My Favourite Tipples from a director of knowledge
Wednesday, 20th June 2018
My Favourite Tipples are shared by Shimrit Janes, researcher and consultant for the digital workplace. She shares some of her go-to sources to keep up with emergent trends and established best practice.
As director of knowledge for Digital Workplace Group, as well as an independent researcher and consultant for the digital workplace, it's essential that I can both keep on top of emergent trends (such as artificial intelligence) as well as established best practice. These are the resources that currently help me track the knowledge flowing around our industry.
It's funny how your personal knowledge management (PKM) practices ebb and flow; in my last Tipples I reflected that Twitter and LinkedIn featured less in my current awareness practice compared to when I first became a freelancer. Another two years on, and social media/aggregators are back in my toolbox.
Twitter: Much has been written about the challenges facing Twitter as a platform. However, as a current awareness tool - particularly within the KM and digital workplace field - it has re-emerged as my go-to place for finding the latest thinking from and articles being shared by key thought leaders and practitioners. See who I'm following here.
Digital Leaders: Over the last year and half, I've taken a particular interest in digital transformation within the non-corporate sector, and the resources and articles on the Digital Leaders site are always thought provoking and inspiring, covering themes such as diversity, accessibility, government and cyber resilience.
Google Alerts: The inclusion of Google Alerts as well as Twitter makes me reflect that a key part of my PKM is creating channels that allow for serendipity; so rather than relying on specific publications or resources, I set up funnels through which content can flow. I currently have alerts set specifically for "digital government" and "digital nations", feeding me through a digest of latest articles and headlines each week and often from sources that I wouldn't be individually monitoring.
- Are we smart enough to know how smart animals are? Books... I'm going to be a little controversial, and say that books remain a key part of helping me do my job. As a researcher (and bibliophile), it helps to be able to see your main field of interest through fresh eyes and reading books such as "Are we smart enough to know how smart animals are?" or "Reality is Broken" help challenge my thinking about the world we live in and how we interact as humans, something which is key as we tackle questions such as how (and why) to encourage collaborative working and how to build meaningful and effective digital worlds of work.
- Podbean.com: Over the last year or so, I've truly discovered the joy of podcasts! They're fantastic to listen to in bed, while cooking, and when you want to rest your eyes from screens. Podbean is a hosting platform, with a few of my current favourites: the fictional drama "The Bright Sessions"; "Imaginary Worlds"; "Myths and Legends"; and (as a lifelong Arsenal fan...) "Arsecast" (from the blog Arseblog).
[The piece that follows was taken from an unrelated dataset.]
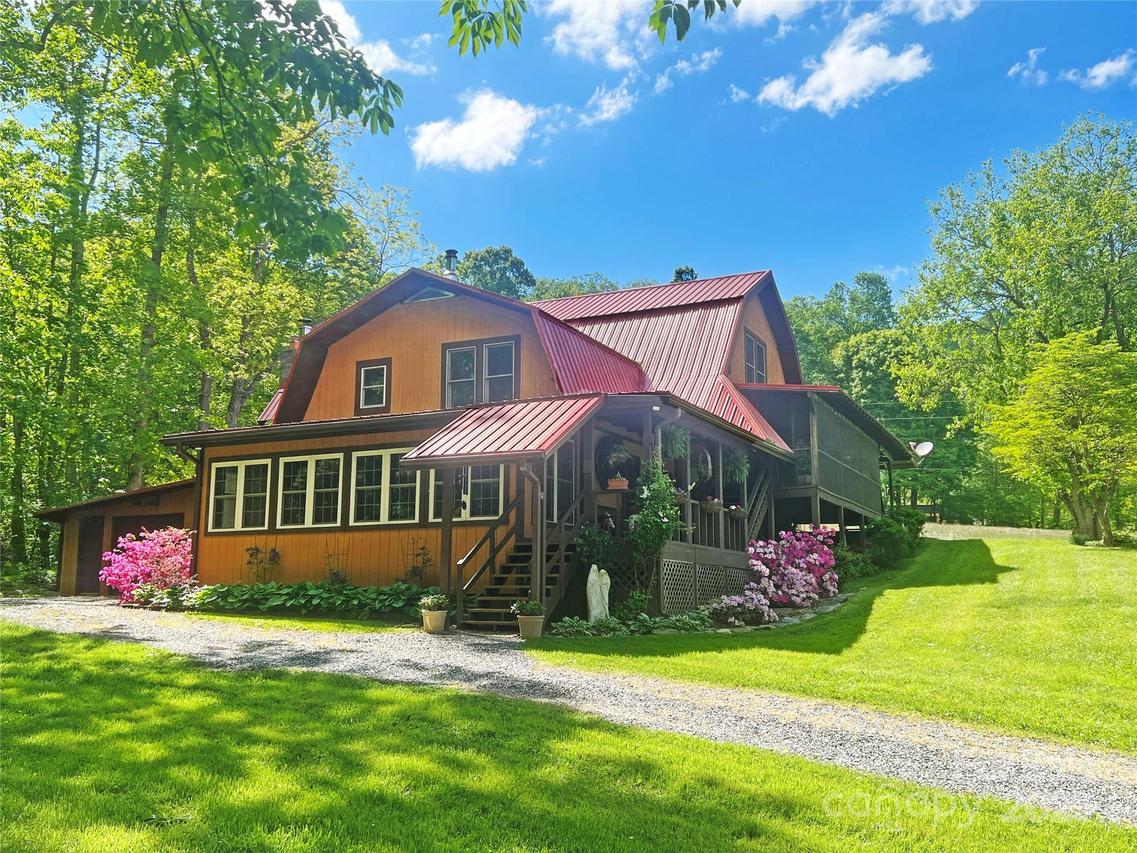550 Joe Payne Rd., Marshall, NC 28753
An article in Jinfo I found particularly interesting:
- As a researcher - and consultant - frameworks can be an essential tool to kickstart a new project, remove the risk of blinkered thinking, and both conduct and structure your analysis. As a result, I very much enjoyed "Using research frameworks to solve strategic questions", part of Jinfo's current Research Focus, "Benchmark information roles - Jinfo models of excellence". It provides a good overview of three key models, which are also being explored in more depth within the series.